-- MATERIAL PROVIDED follows --

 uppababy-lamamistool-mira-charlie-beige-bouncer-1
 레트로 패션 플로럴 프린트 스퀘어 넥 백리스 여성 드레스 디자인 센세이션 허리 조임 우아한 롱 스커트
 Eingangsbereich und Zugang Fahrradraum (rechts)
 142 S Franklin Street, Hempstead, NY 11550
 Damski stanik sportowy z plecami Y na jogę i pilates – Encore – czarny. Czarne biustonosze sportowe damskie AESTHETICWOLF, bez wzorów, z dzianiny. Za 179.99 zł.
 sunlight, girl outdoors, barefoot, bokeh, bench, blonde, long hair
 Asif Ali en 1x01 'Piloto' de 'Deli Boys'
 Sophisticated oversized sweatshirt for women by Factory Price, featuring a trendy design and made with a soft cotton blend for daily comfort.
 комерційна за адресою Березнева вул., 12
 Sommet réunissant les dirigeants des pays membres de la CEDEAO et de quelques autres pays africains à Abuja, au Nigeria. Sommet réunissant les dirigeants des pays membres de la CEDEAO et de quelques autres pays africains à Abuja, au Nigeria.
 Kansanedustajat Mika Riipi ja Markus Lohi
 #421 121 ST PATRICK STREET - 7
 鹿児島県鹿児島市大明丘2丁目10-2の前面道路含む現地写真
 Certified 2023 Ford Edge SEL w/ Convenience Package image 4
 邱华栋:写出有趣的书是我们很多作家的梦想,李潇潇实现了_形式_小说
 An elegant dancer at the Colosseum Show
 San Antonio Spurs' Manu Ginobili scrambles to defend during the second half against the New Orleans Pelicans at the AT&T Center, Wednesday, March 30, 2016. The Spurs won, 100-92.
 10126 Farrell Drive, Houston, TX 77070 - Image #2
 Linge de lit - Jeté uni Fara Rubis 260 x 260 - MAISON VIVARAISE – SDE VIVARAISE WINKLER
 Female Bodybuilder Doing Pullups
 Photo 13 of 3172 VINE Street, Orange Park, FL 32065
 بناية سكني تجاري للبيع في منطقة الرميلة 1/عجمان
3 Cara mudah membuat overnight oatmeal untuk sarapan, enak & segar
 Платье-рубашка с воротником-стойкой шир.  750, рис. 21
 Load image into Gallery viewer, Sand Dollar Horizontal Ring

-- MATERIAL PROVIDED concluded --

▶ _WORK TASK_
Starting with the line that contains "комерційна за адресою Березнева вул., 12", return every line through the last one of the records, exactly as written.

▶ _TASK OUTPUT_
 комерційна за адресою Березнева вул., 12
 Sommet réunissant les dirigeants des pays membres de la CEDEAO et de quelques autres pays africains à Abuja, au Nigeria. Sommet réunissant les dirigeants des pays membres de la CEDEAO et de quelques autres pays africains à Abuja, au Nigeria.
 Kansanedustajat Mika Riipi ja Markus Lohi
 #421 121 ST PATRICK STREET - 7
 鹿児島県鹿児島市大明丘2丁目10-2の前面道路含む現地写真
 Certified 2023 Ford Edge SEL w/ Convenience Package image 4
 邱华栋:写出有趣的书是我们很多作家的梦想,李潇潇实现了_形式_小说
 An elegant dancer at the Colosseum Show
 San Antonio Spurs' Manu Ginobili scrambles to defend during the second half against the New Orleans Pelicans at the AT&T Center, Wednesday, March 30, 2016. The Spurs won, 100-92.
 10126 Farrell Drive, Houston, TX 77070 - Image #2
 Linge de lit - Jeté uni Fara Rubis 260 x 260 - MAISON VIVARAISE – SDE VIVARAISE WINKLER
 Female Bodybuilder Doing Pullups
 Photo 13 of 3172 VINE Street, Orange Park, FL 32065
 بناية سكني تجاري للبيع في منطقة الرميلة 1/عجمان
3 Cara mudah membuat overnight oatmeal untuk sarapan, enak & segar
 Платье-рубашка с воротником-стойкой шир.  750, рис. 21
 Load image into Gallery viewer, Sand Dollar Horizontal Ring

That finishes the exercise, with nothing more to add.